**TO DO:** What is needed is the exact text of each line in the listing below from the one with "2015 Ford F-550" up to and including the one with "Avinash Aute, Advocate", and no pictures.

**DATA LISTING:**
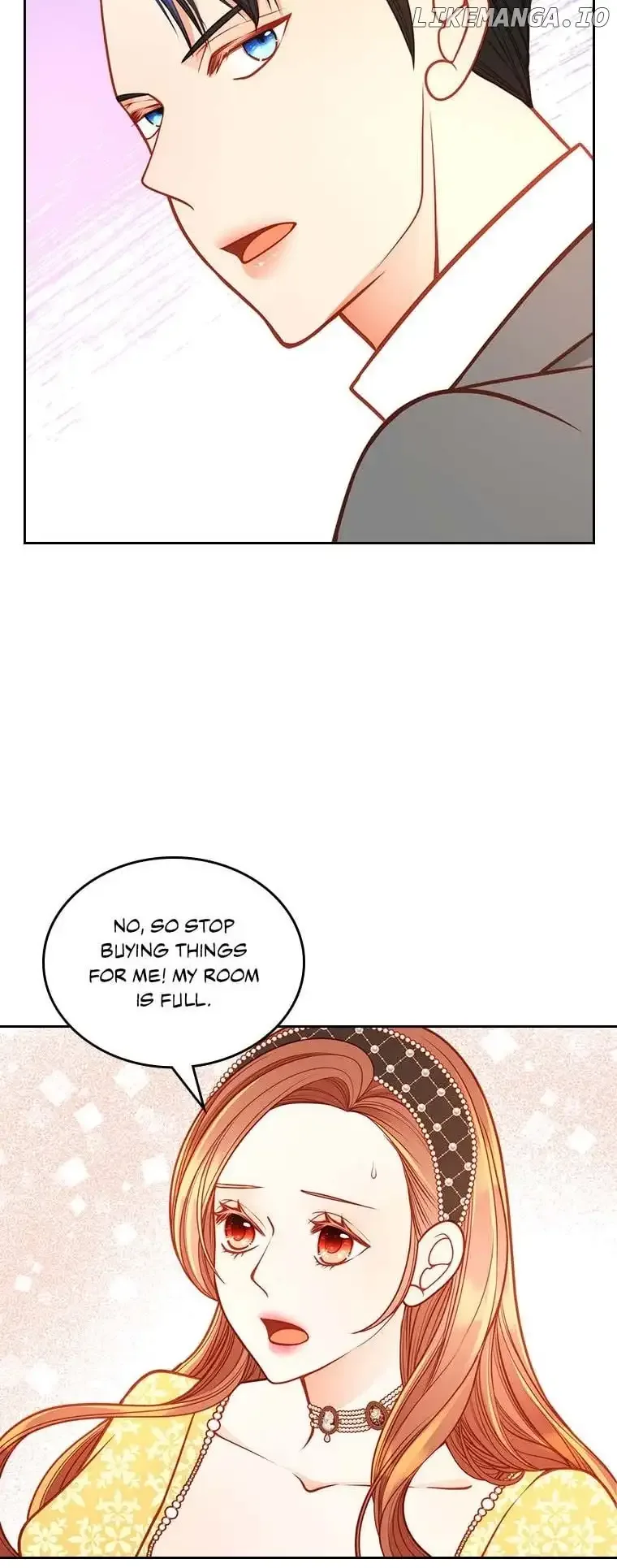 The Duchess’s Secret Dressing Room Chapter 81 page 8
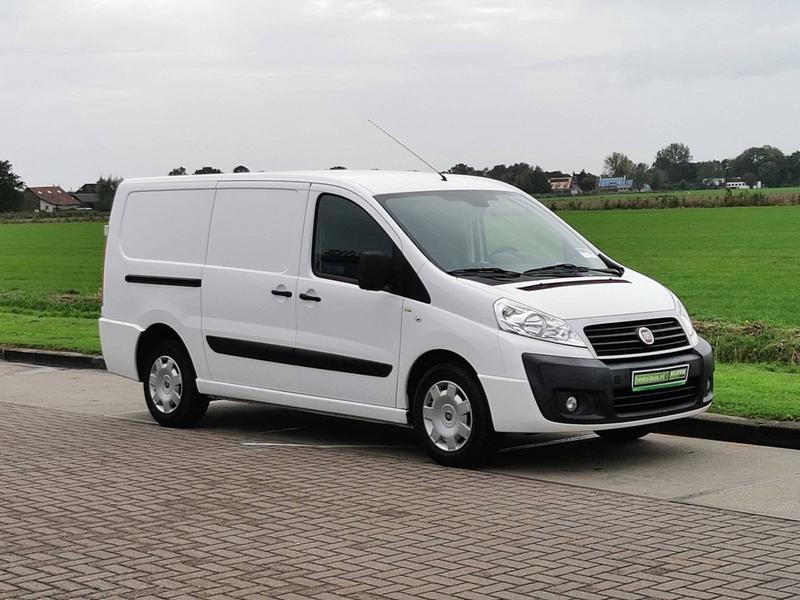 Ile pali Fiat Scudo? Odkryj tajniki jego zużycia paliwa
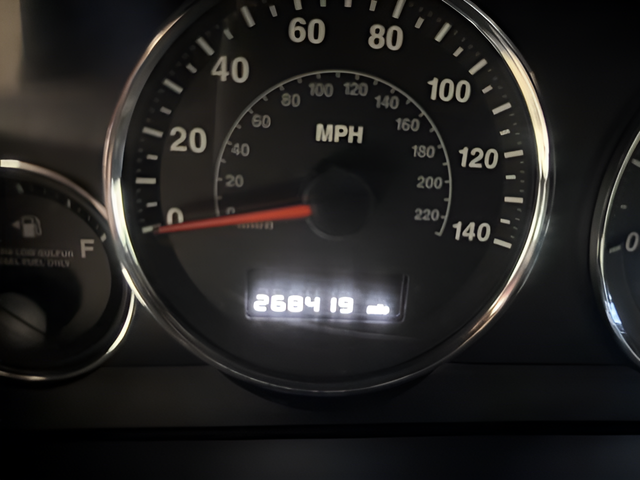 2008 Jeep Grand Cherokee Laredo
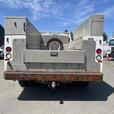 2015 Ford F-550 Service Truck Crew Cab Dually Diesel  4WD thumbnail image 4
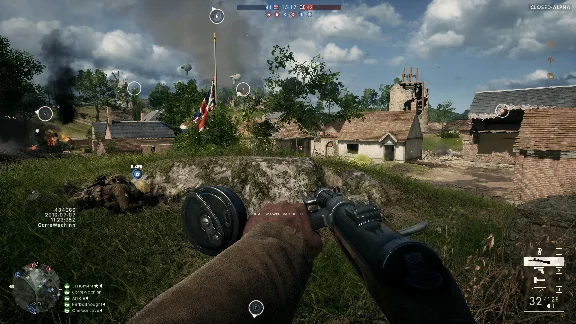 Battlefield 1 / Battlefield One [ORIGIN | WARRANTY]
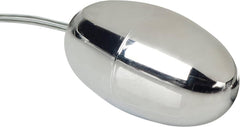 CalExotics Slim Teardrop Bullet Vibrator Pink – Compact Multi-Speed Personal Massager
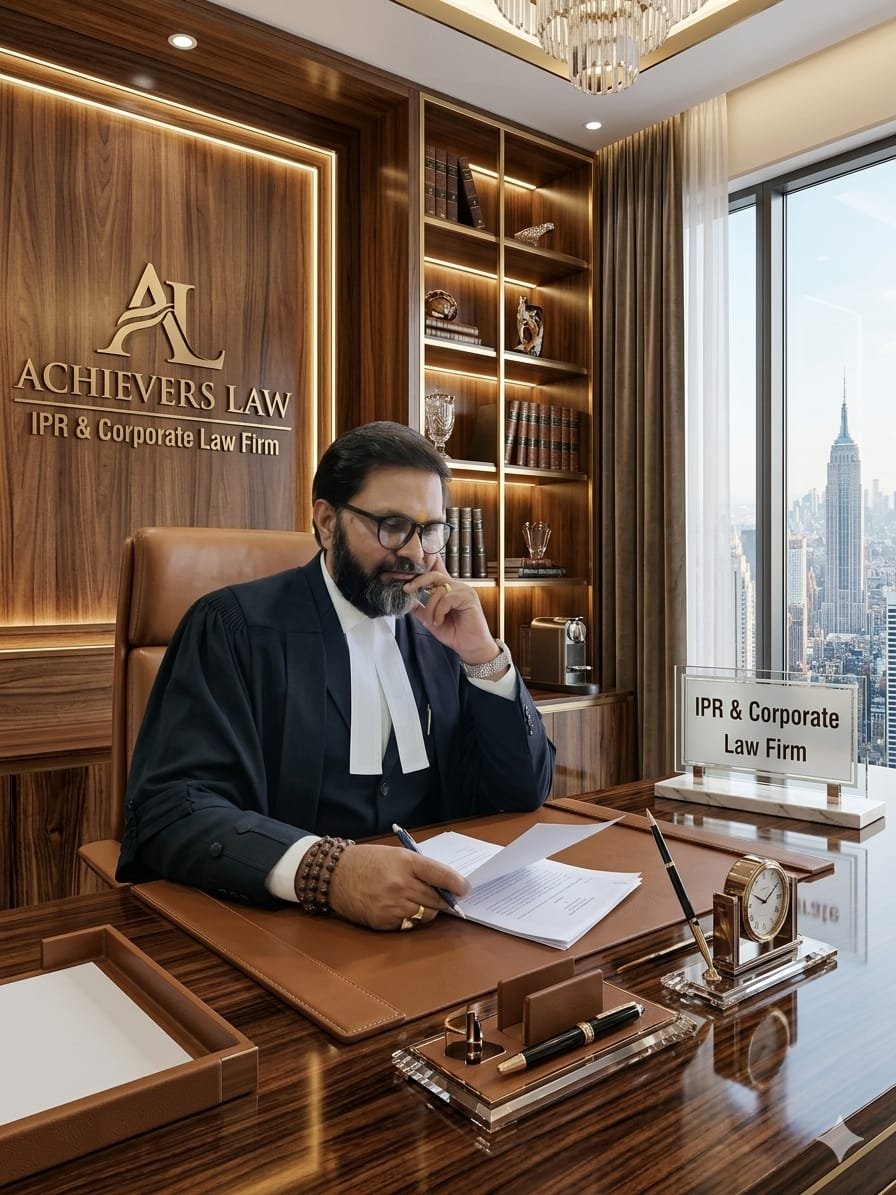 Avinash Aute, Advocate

==

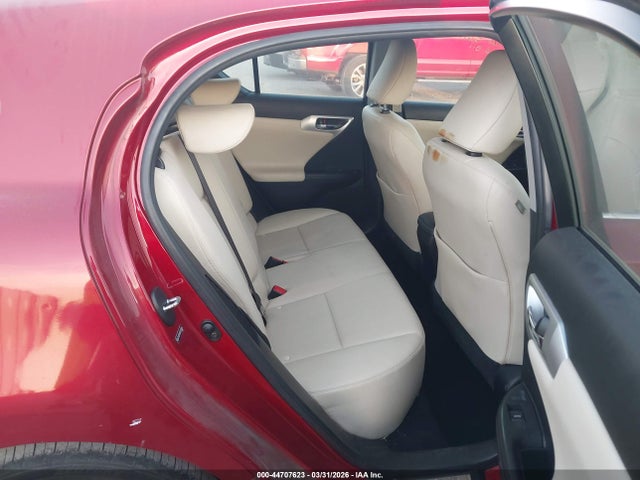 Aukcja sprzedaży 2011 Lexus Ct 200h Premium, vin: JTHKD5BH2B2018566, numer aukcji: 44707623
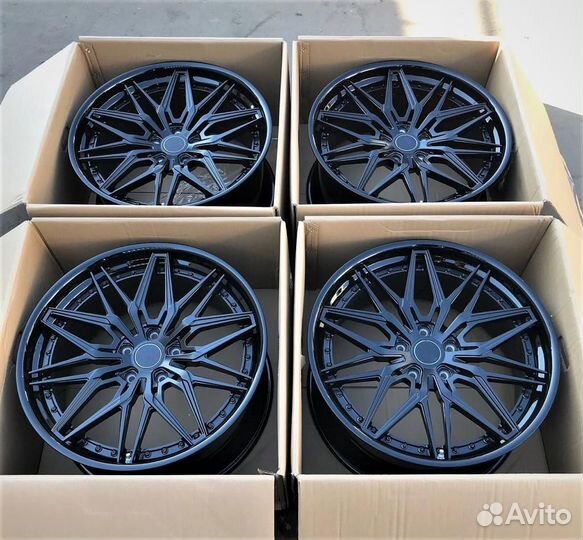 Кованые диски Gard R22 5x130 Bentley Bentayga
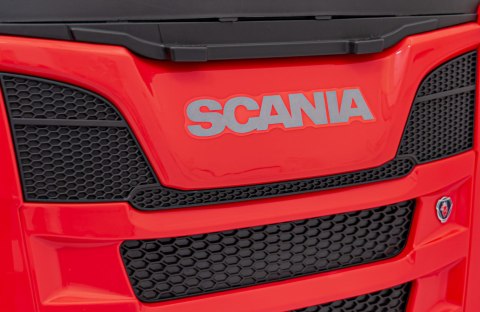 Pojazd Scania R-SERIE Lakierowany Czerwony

**ANSWER FOR THIS EXERCISE:**
 2015 Ford F-550 Service Truck Crew Cab Dually Diesel  4WD thumbnail image 4
 Battlefield 1 / Battlefield One [ORIGIN | WARRANTY]
 CalExotics Slim Teardrop Bullet Vibrator Pink – Compact Multi-Speed Personal Massager
 Avinash Aute, Advocate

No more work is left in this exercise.